The lines to return are those from the line holding "Douglas East Ymca to Wichita, KS map" through the last line of the entries below, both included, written exactly and without pictures.

### Record extracts
########################################

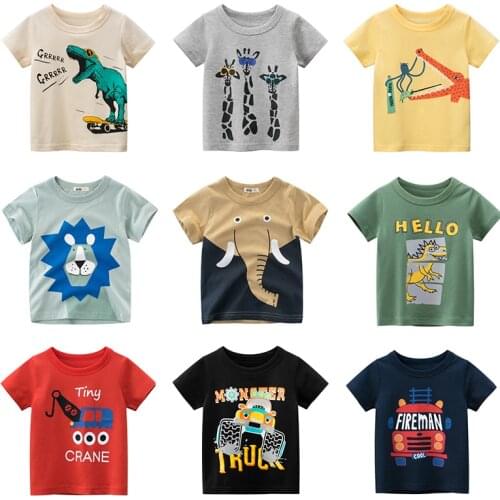 T-Shirts Kids Children Boys Grils Tee Tops Clothing Print Cartoon Cotton T Shirts Infant Dinosaur New Arrival 2021 Clothes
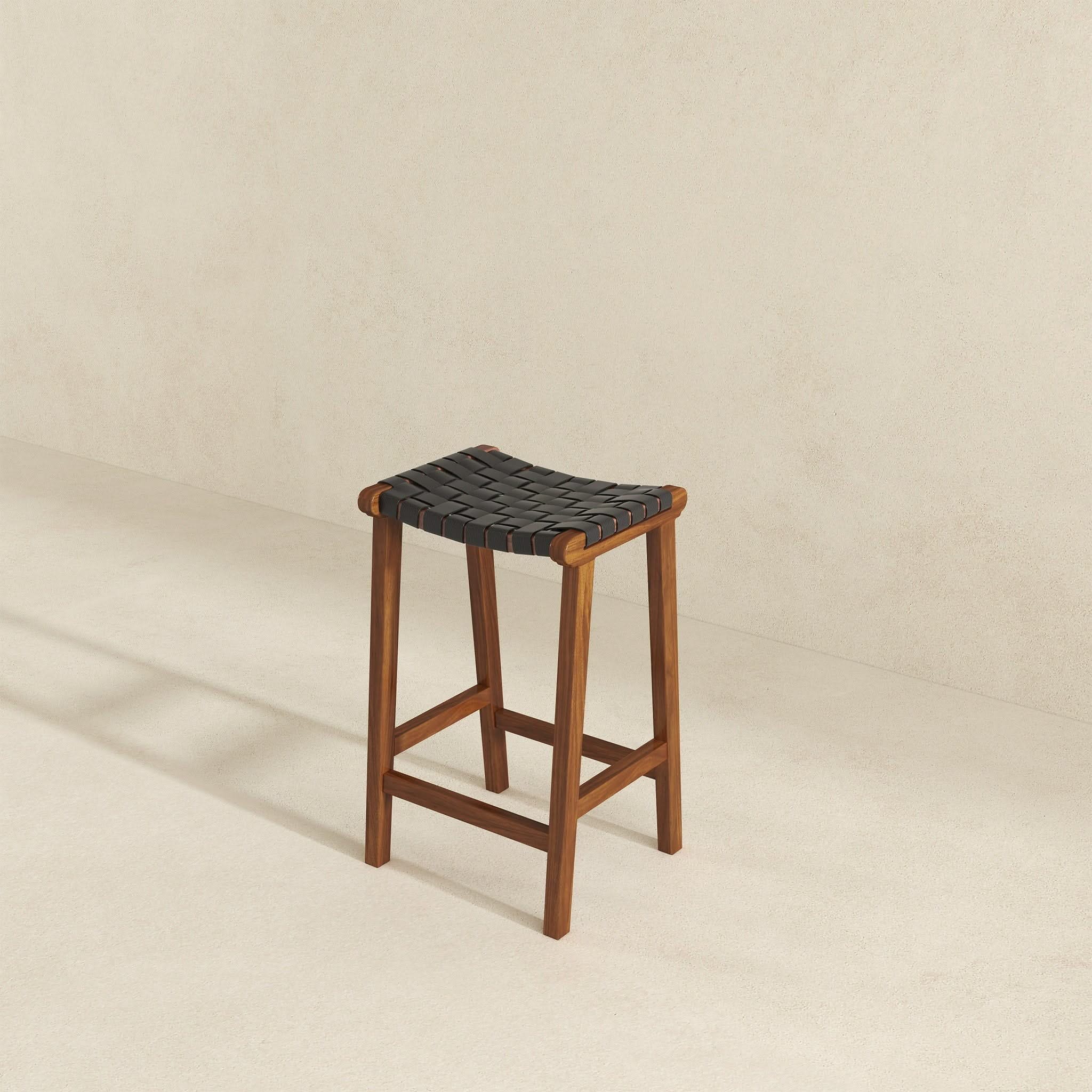 James - Mid-Century Modern Genuine Counter Stool - Image 3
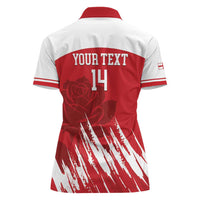 Custom England Lacrosse Women Polo Shirt Go Champions Rose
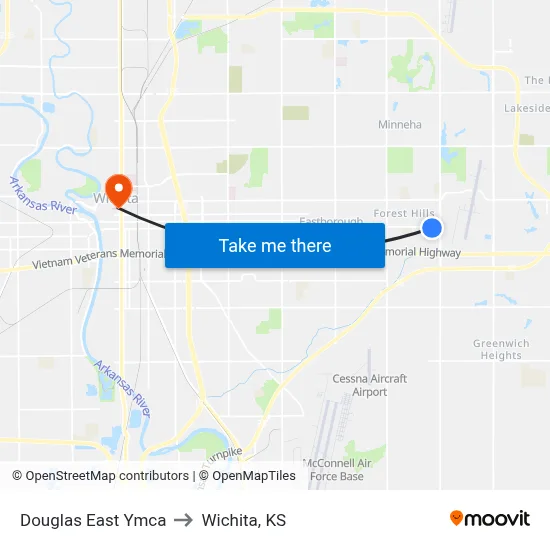 Douglas East Ymca to Wichita, KS map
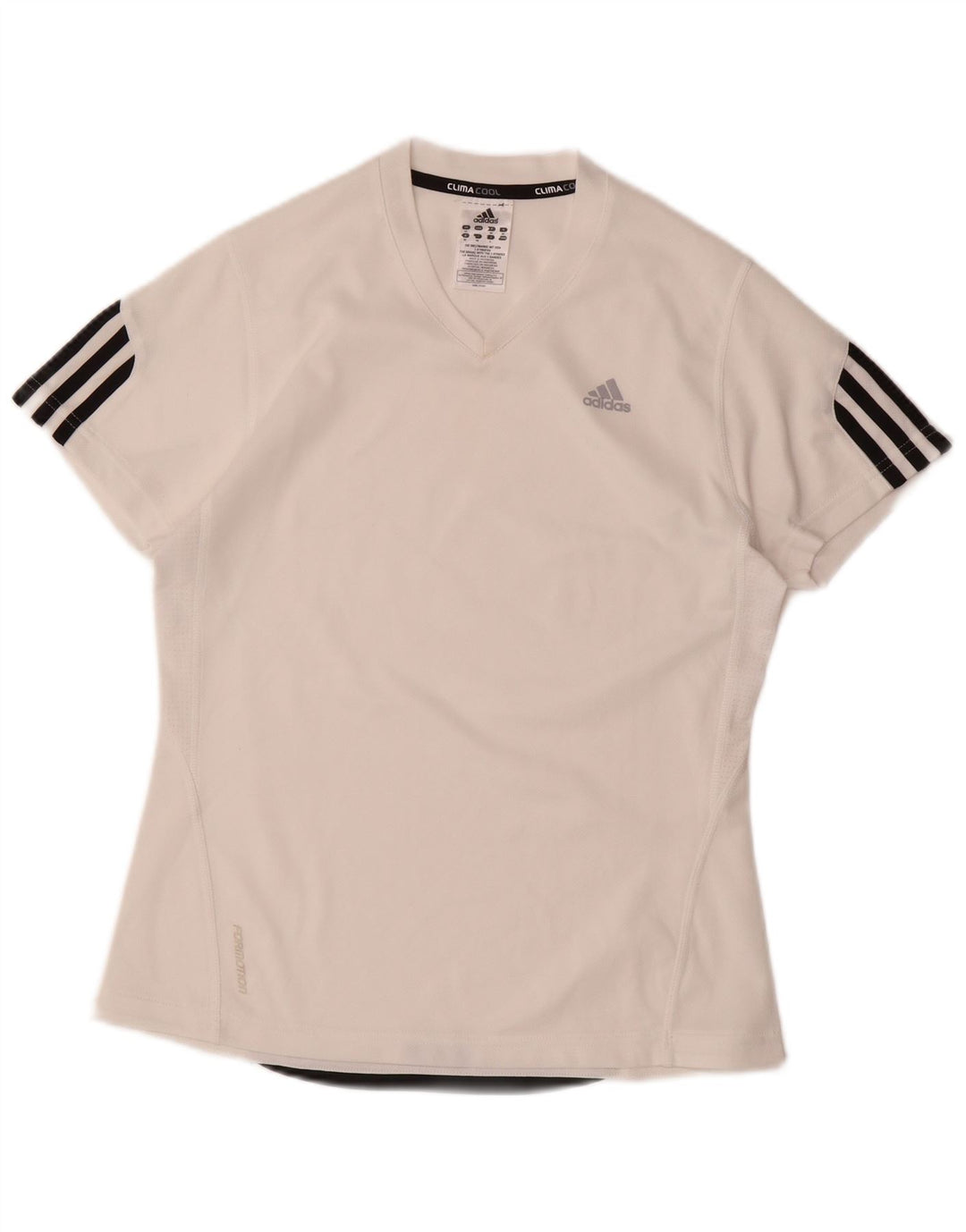 ADIDAS Mujer Climacool Camiseta Top UK 12 Medio Blanco Poliéster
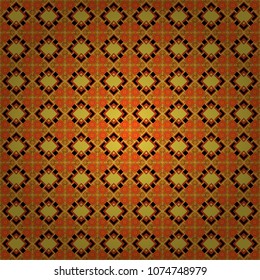 Vector modern geometrical abstract background in black, orange and yellow colors. Texture, new background. Geometric stylized multicolored seamless pattern.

########################################

### Solution
 Douglas East Ymca to Wichita, KS map
 ADIDAS Mujer Climacool Camiseta Top UK 12 Medio Blanco Poliéster
 Vector modern geometrical abstract background in black, orange and yellow colors. Texture, new background. Geometric stylized multicolored seamless pattern.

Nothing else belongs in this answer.